Ken Rudge, St. Austell, England
And he said, 'Lord I believe'.
And he worshipped him.
John 9. 38.
The defence of the man that was born blind takes up most of the narrative of this ninth chapter of John's gospel. It centres on the challenges to the reality of his miraculous ability to see, as well as the nature of the Man that had accomplished it.
We are fascinatingly held by the unfolding story of this man, who out of his dark world of total blindness had come into seeing and experiencing the world that now surrounded him. What he then had come into the good of, he will now hold to. He is undeterred in his convictions, despite the opposition to which he became subject.
We must not underestimate the powerful influences that were at work to make him unsure and possibly force him to deny what, in his heart, he knew was true.
There were social pressures in the neighbours, family pressures in the form of his parents and religious pressures, seen in the remorseless attack of the religiously bigoted Pharisees.
Time and again he resorts to the simple, yet undeniable facts of his experience, the reality of which he was clearly in the good of. Some of the facts of the case he may not be able to precisely affirm, but his personal deliverance and present enjoyment allows him to stick to his ground with irresistible and reasoned tenacity.
He has but two things to anchor him through the storm - the reality of the blessing he now enjoys and the Person that brought him into it.

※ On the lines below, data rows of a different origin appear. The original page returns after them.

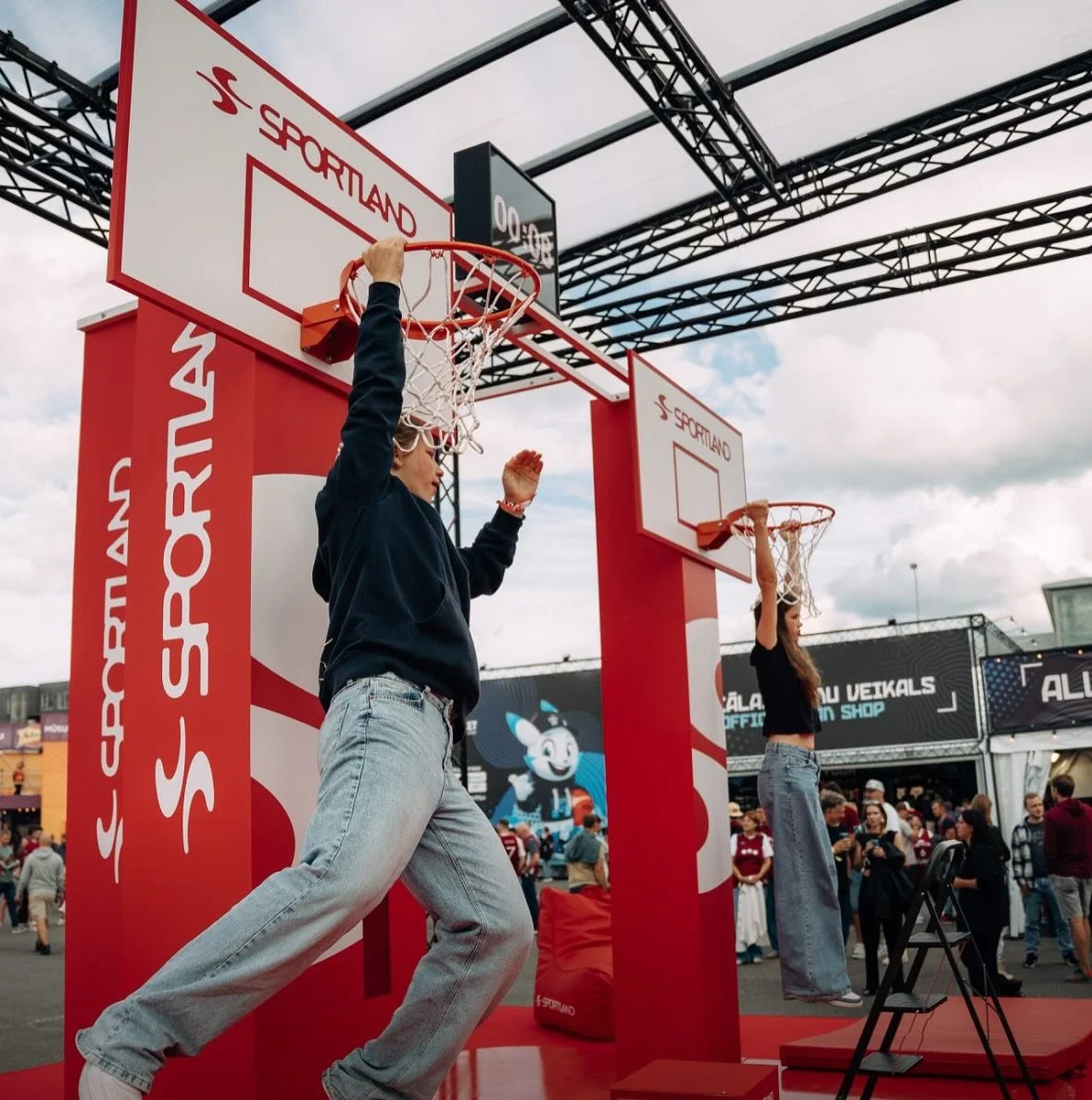 EuroBasket 2025 delivered exceptional partner activations and fan engagement, transforming its fan zones into vibrant, interactive experiences. 
From Sportland’s viral “Hang on the Rim” challenge and Rimi Baltic Group’s energ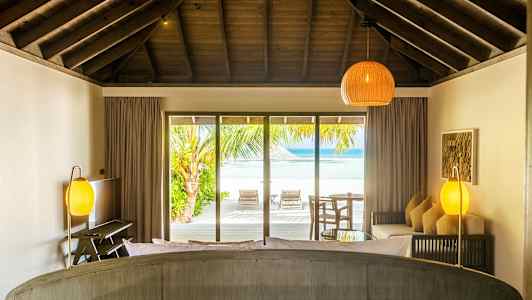 Rum med takbjälkar och utsikt över stranden genom stora glasdörrar. (AI-genererad text)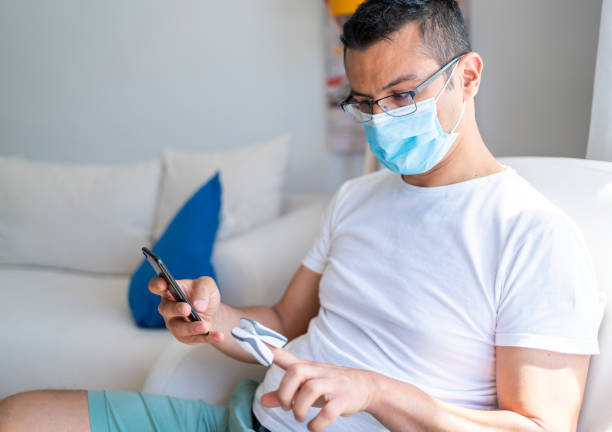 Man with protective face mask is measuring, monitoring oxygen saturation with digital pulse oximeter at home. Man with coronavirus, covid-19 pandemia quarantine lockdown.  Digital Pulse Oximeter at Home to Test Oxygen Level in Blood And Pulse Rate. Man with protective face mask is measuring, monitoring oxygen saturation with digital pulse oximeter at home. Man with coronavirus, covid-19 pandemia quarantine lockdown.  Digital Pulse Oximeter at Home to Test Oxygen Level in Blood And Pulse Rate. oxygen monitor stock pictures, royalty-free photos & images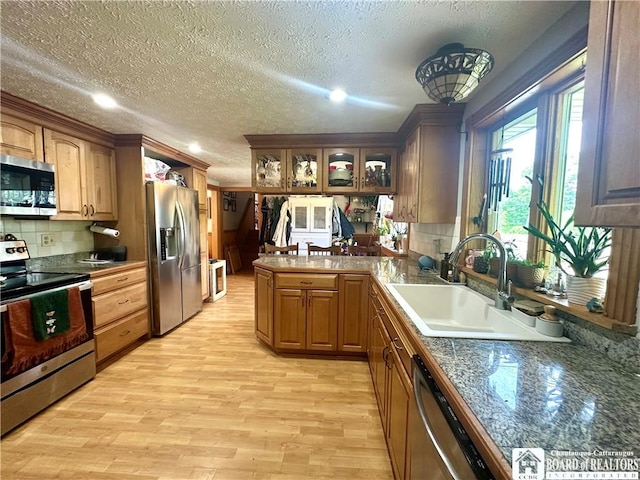 9983 Deer Creek Rd, Genesee, NY 14770 - kitchen featuring appliances with stainless steel finishes, a sink, a textured ceiling, a peninsula, and tasteful backsplash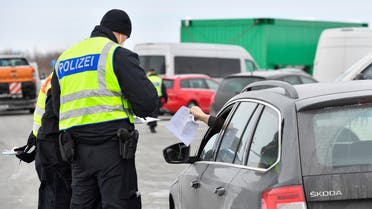 German border police officers check a car at the A17 motorway near the Czech-German border, after controls between Germany and the Czech Republic have been re-established, as the spread ofthe coronavirus disease (COVID-19) continues, in Breitenau, Germany, on February 15, 2021. (Reuters)
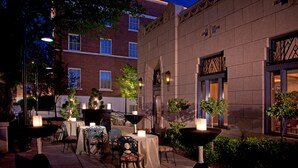 An outdoor patio area with tables and chairs, surrounded by buildings. - Hassayampa Inn (Prescott)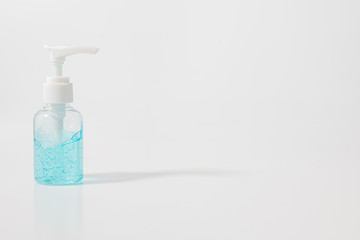 White pump bottle of hand sanitizer gel in  isolated on a white background. Sanitizer gel for corona virus or Covid 19 protection.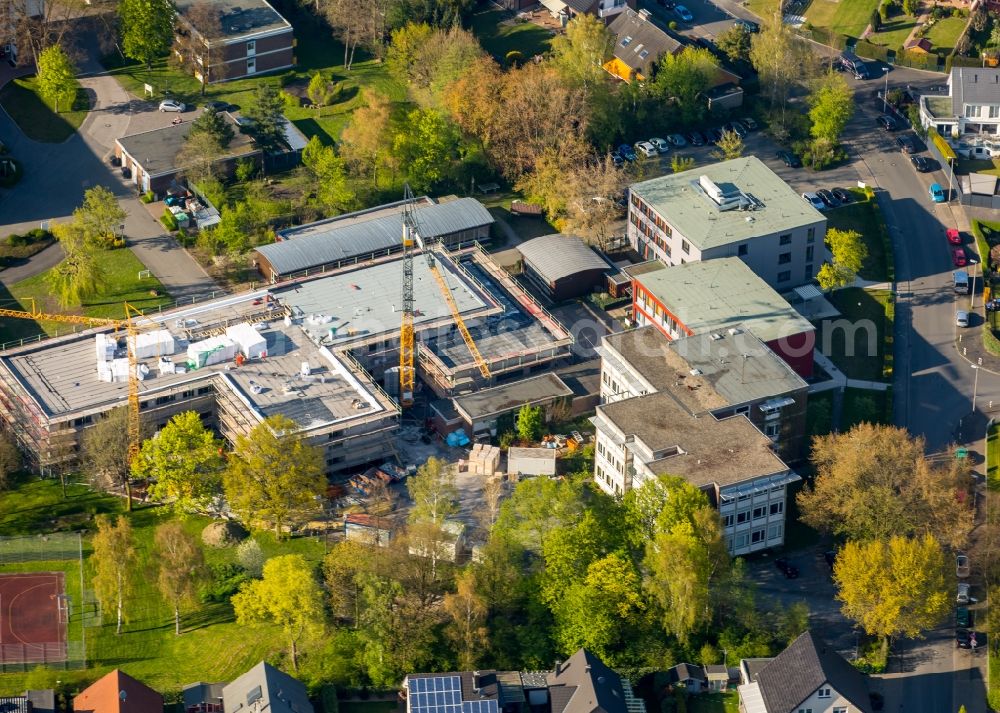 Aerial photograph Hamm - Construction site for the new building of the LWL-Schule for patients of LWL university hospital at Heithofer Allee midst a residential area in Hamm in the state North Rhine-Westphalia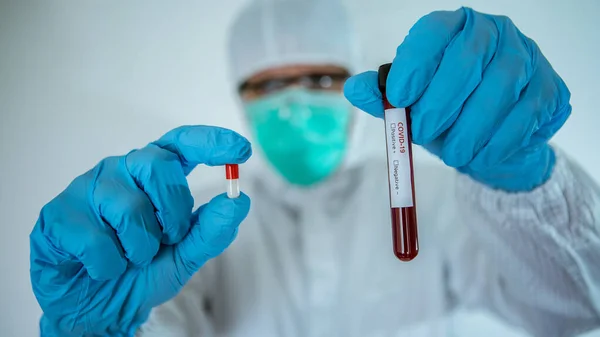 Doctor in laboratory holding a pill and blood test tube on white background. Covid-19 is currently trying to find a drug against the virus to treat the infected. Vaccine to cure coronavirus concept.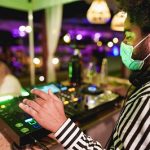 Young african DJ man mixing music at club outdoor while wearing safety face mask for coronavirus outbreak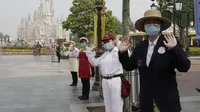 Pegawai mengenakan masker saat menyambut wisatawan di taman hiburan Disneyland, Shanghai, China, Senin (11/5/2020). Disneyland Shanghai kembali dibuka setelah tiga bulan ditutup akibat pandemi virus corona COVID-19. (AP Photo/Chen Si)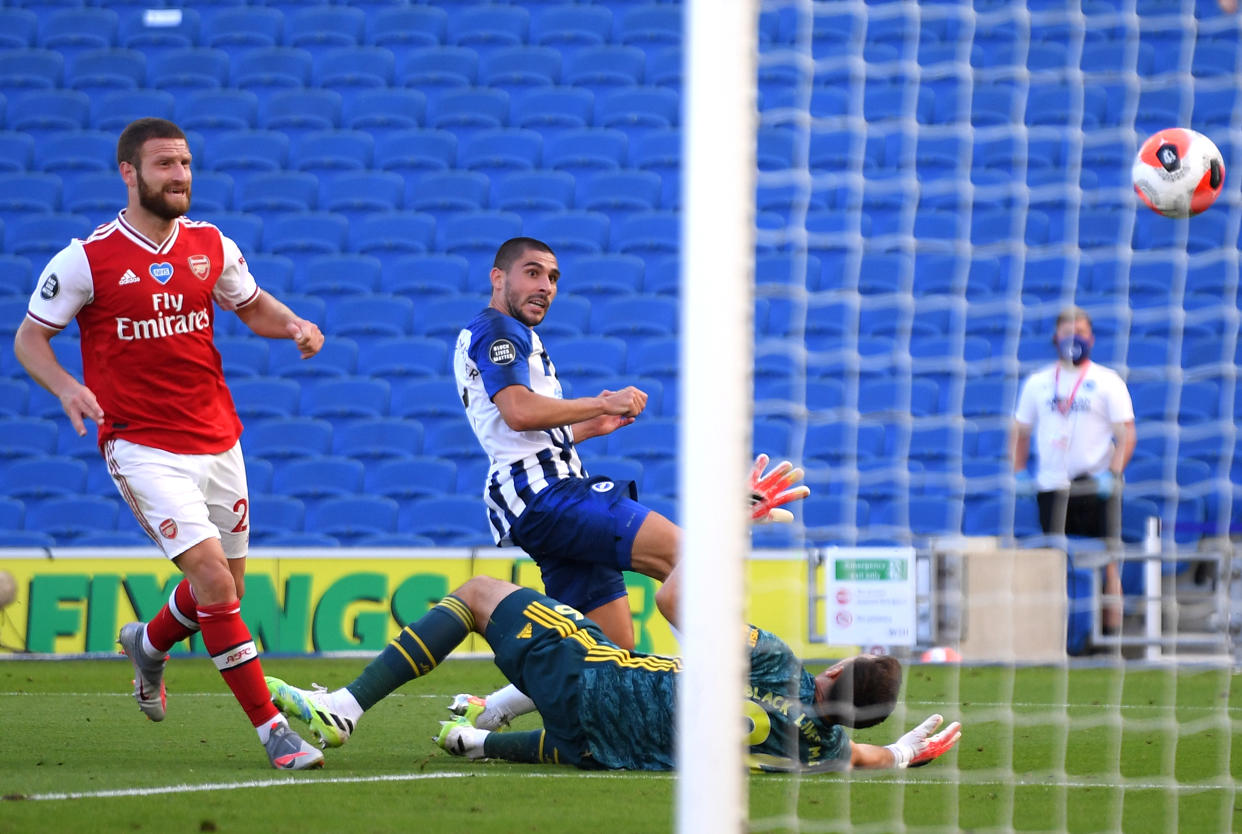 BRIGHTON, ENGLAND - JUNE 20: Neal Maupay of Brighton and Hove Albion scores his team's second goal past Emiliano Martinez of Arsenal during the Premier League match between Brighton & Hove Albion and Arsenal FC at American Express Community Stadium on June 20, 2020 in Brighton, England. Football Stadiums around Europe remain empty due to the Coronavirus Pandemic as Government social distancing laws prohibit fans inside venues resulting in all fixtures being played behind closed doors. (Photo by Mike Hewitt/Getty Images)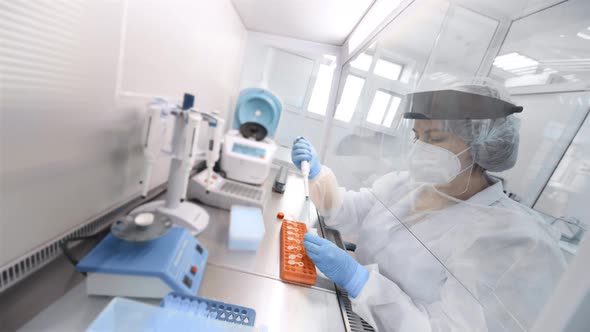 Female Scientist Makes PCR DNA Tests in a Modern Chemical and Bacteriological Laboratory alt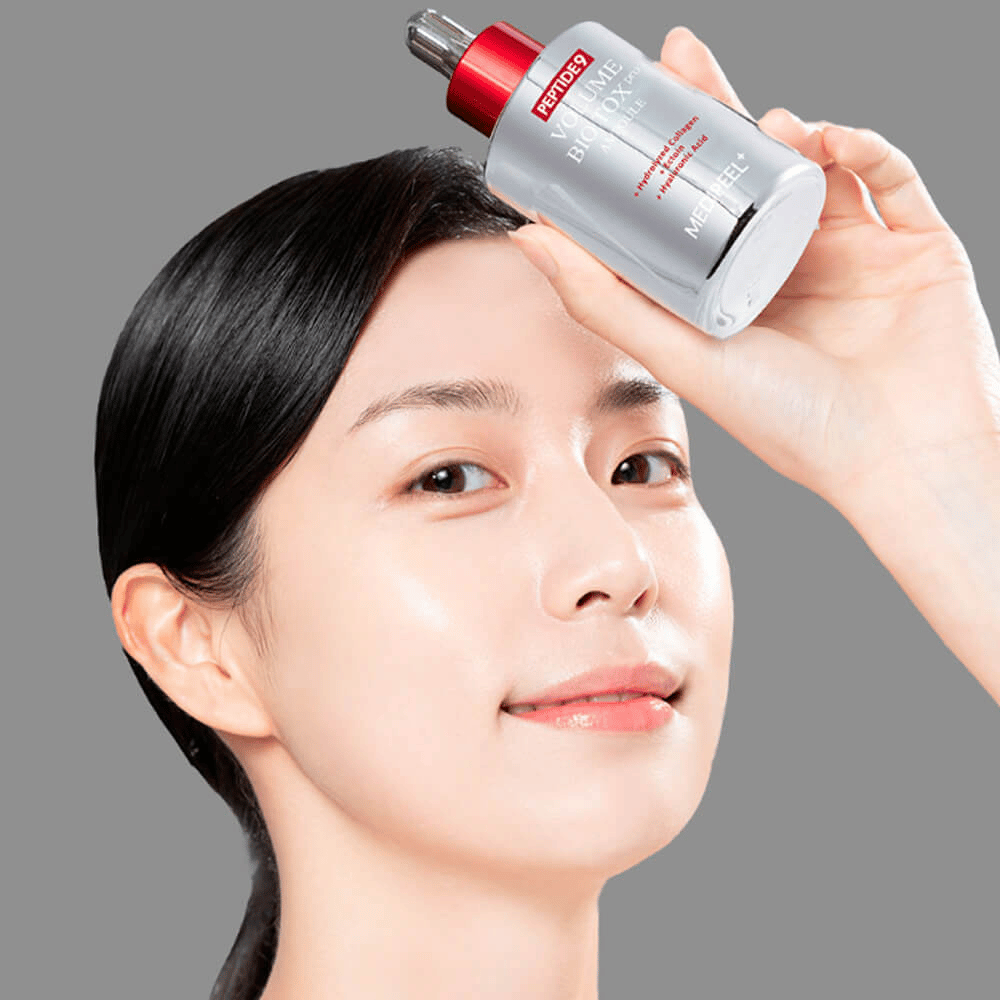 Osoba trzyma MEDI-PEEL Peptide 9 Volume Bio Tox Pro Ampoule przy czole. Skóra wygląda na nawilżoną i promienną – serum wzmacnia elastyczność i jędrność.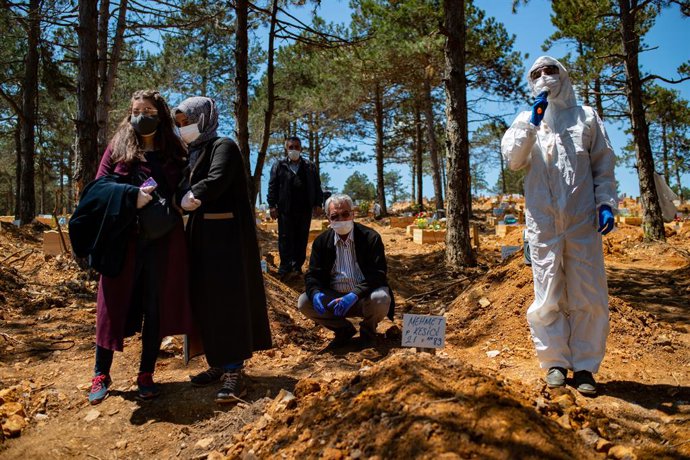 Archivo - 30 May 2020, Turkey, Istanbul: People mourn and pray in a cemetery over the grave of a relative who died of Coronavirus (COVID-19), next to a morgue worker wearing a protective suit. Photo: Yasin Akgul/dpa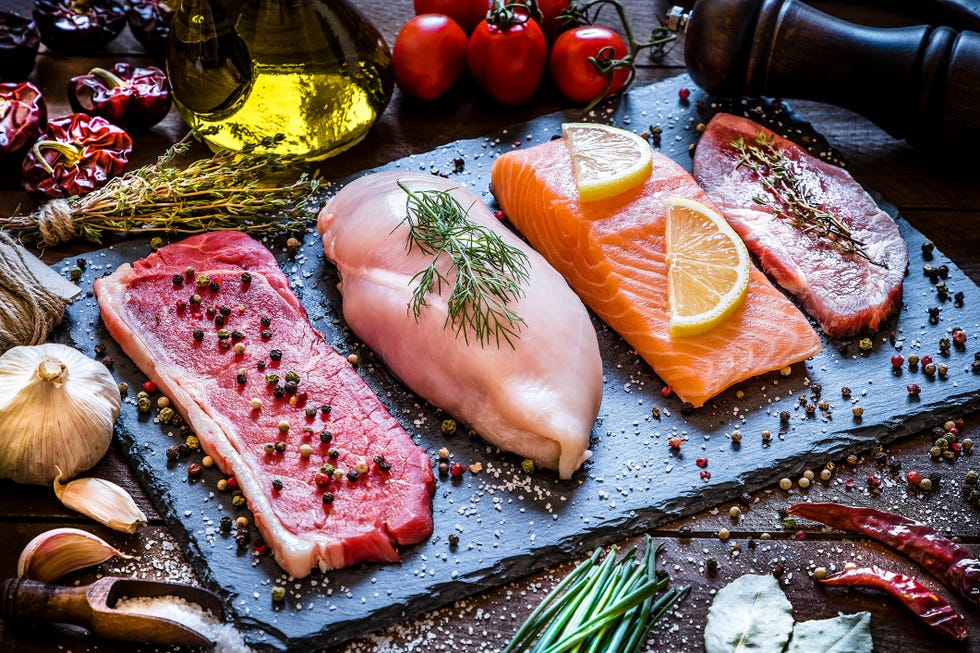 high angle view of four different types of animal protein like a raw beef steak, a raw chicken breast, a raw salmon fillet and a raw pork steak on a stone tray surrounded by condiments, spices and vegetables low key dslr photo taken with canon eos 6d mark ii and canon ef 24 105 mm f4l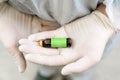 Close up of scientist holding bottle of vaccine developed for corona virus. Covid-19 antidote. Doctor discovers treatment for Royalty Free Stock Photo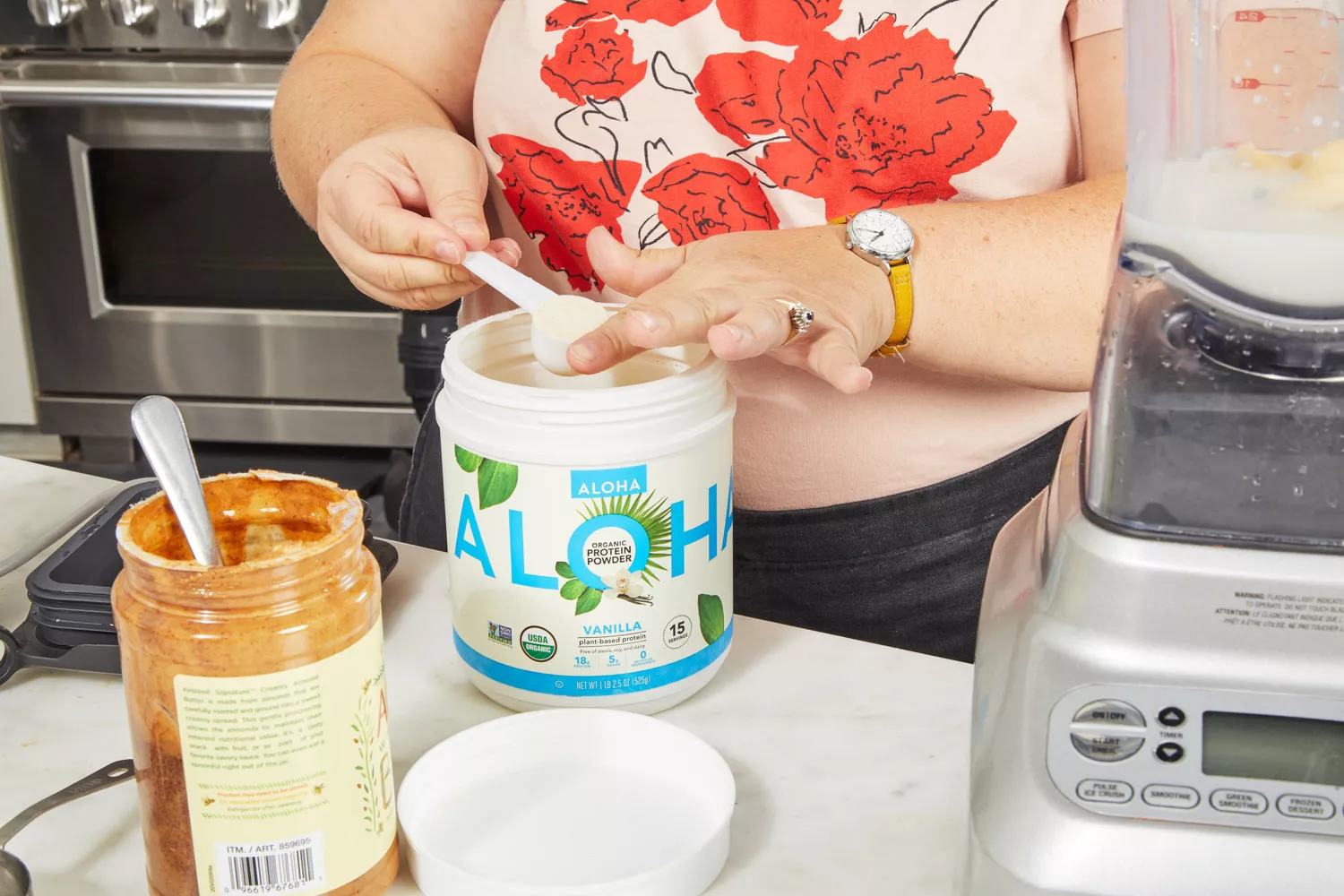 Person scooping powder from Aloha Vanilla Organic Plant Based Protein Powder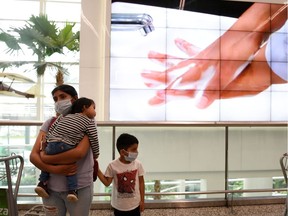 A woman and her son wear protective face masks while standing near a screen showing the hand-washing steps, as part of the security measures due to the outbreak of the coronavirus (COVID-19), at Jose Joaquin de Olmedo International Airport in Guayaquil, Ecuador March 13, 2020. REUTERS/Santiago Arcos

We also live in an environment that seeks to unsettle and move us away from the things we have come into the good of and hold dearly. We now face the onslaught of pressures from our society, family circles and religious culture that would seek to unsettle our convictions and ridicule the stand we take. Yet our resources are the same as his were - truth that remains eternal with the joy it brings through obedience to it, and the blessed One whom we have come to know, worship and serve, even our Lord Jesus. It is now our turn to say, ‘Lord, I believe’ and worship Him. May we then with good heart wait patiently for His return serving Him with joy and diligence.
Once again it is with a real pleasure I can commend this issue of the magazine to you. Jabe Nicholson's Keynote article on the responsibility of the older to serve the younger will both encourage and challenge. From the pen of a new contributor, Keith Kyser, we learn how much God values widows, and so should we! You will enjoy the Christ exalting ministry as presented in the articles using Tabernacle typology and Resurrection, drawing out our hearts afresh to Lord. We do hope that the series of articles relating to government legislation will also help to clarify issues and enable us to conform to those things that we need to be subject to as we serve the Lord Jesus. The one in this issue deals with food preparation and presentation.
Our sincere desire and prayer is that this magazine may help to further the work of God and greatly strengthen assembly testimony wherever it is found.